Warm and Comforting Chicken Pot Pie Soup

Enjoy all the comforting flavors of chicken pot pie in a warm and satisfying soup! This easy recipe is perfect for a cozy night in and comes together quickly with simple ingredients.

Ingredients

Scale
  • 1 tablespoon olive oil
  • 1 cup diced onion
  • 1 cup diced carrots
  • 1 cup diced celery
  • 2 cloves garlic, minced
  • 6 cups chicken broth
  • 1 teaspoon dried thyme
  • 1/2 teaspoon dried rosemary
  • 1/4 teaspoon black pepper
  • 1 pound cooked chicken, shredded
  • 1 cup frozen peas
  • 1 cup frozen corn
  • 1/2 cup heavy cream
  • 1/4 cup chopped fresh parsley
  • 1 sheet (14.1 oz) refrigerated pie crust, thawed
  • 1 egg, beaten

Instructions

  1. Heat olive oil in a large pot or Dutch oven over medium heat. Add onion, carrots, and celery and cook until softened, about 5-7 minutes.
  2. Add garlic and cook for 1 minute more.
  3. Pour in chicken broth and add thyme, rosemary, and pepper. Bring to a boil, then reduce heat and simmer for 10 minutes.
  4. Stir in shredded chicken, peas, and corn.

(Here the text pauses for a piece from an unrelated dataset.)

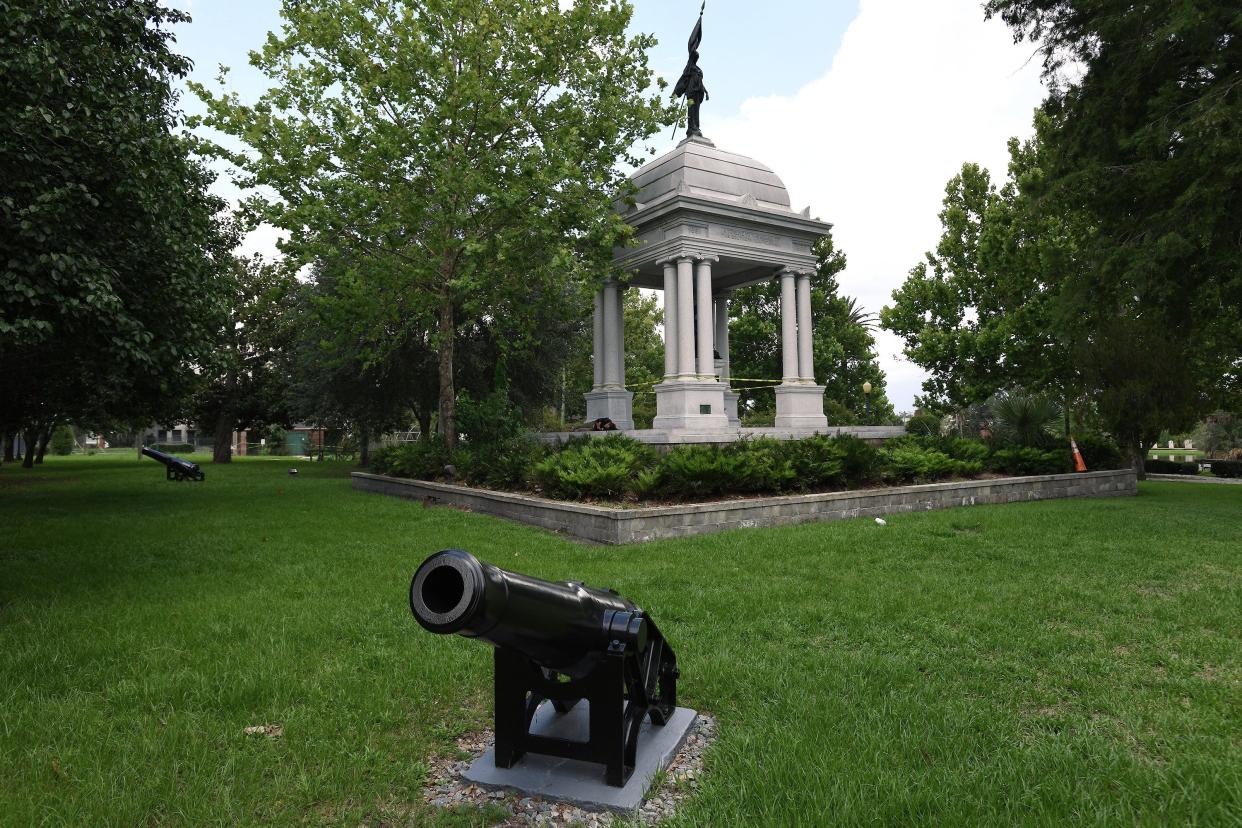 The Confederate monument in Springfield Park has two bronze statues. The statue inside the monument is a woman reading a book to two children and the statue on top of it is a woman holding a Confederate flag.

Cook until heated through, about 5 minutes.
  5. Stir in heavy cream and parsley.
  6. Preheat oven to 400°F (200°C).
  7. Cut pie crust into 1-inch squares or desired shapes.
  8. Brush pie crust pieces with beaten egg.
  9. Arrange pie crust pieces on a baking sheet and bake for 8-10 minutes, or until golden brown.
  10. Serve soup topped with baked pie crust pieces.

Notes

For extra flavor, try adding a splash of sherry or white wine to the soup while it simmers. You can also use store-bought biscuit dough instead of pie crust for a quicker topping.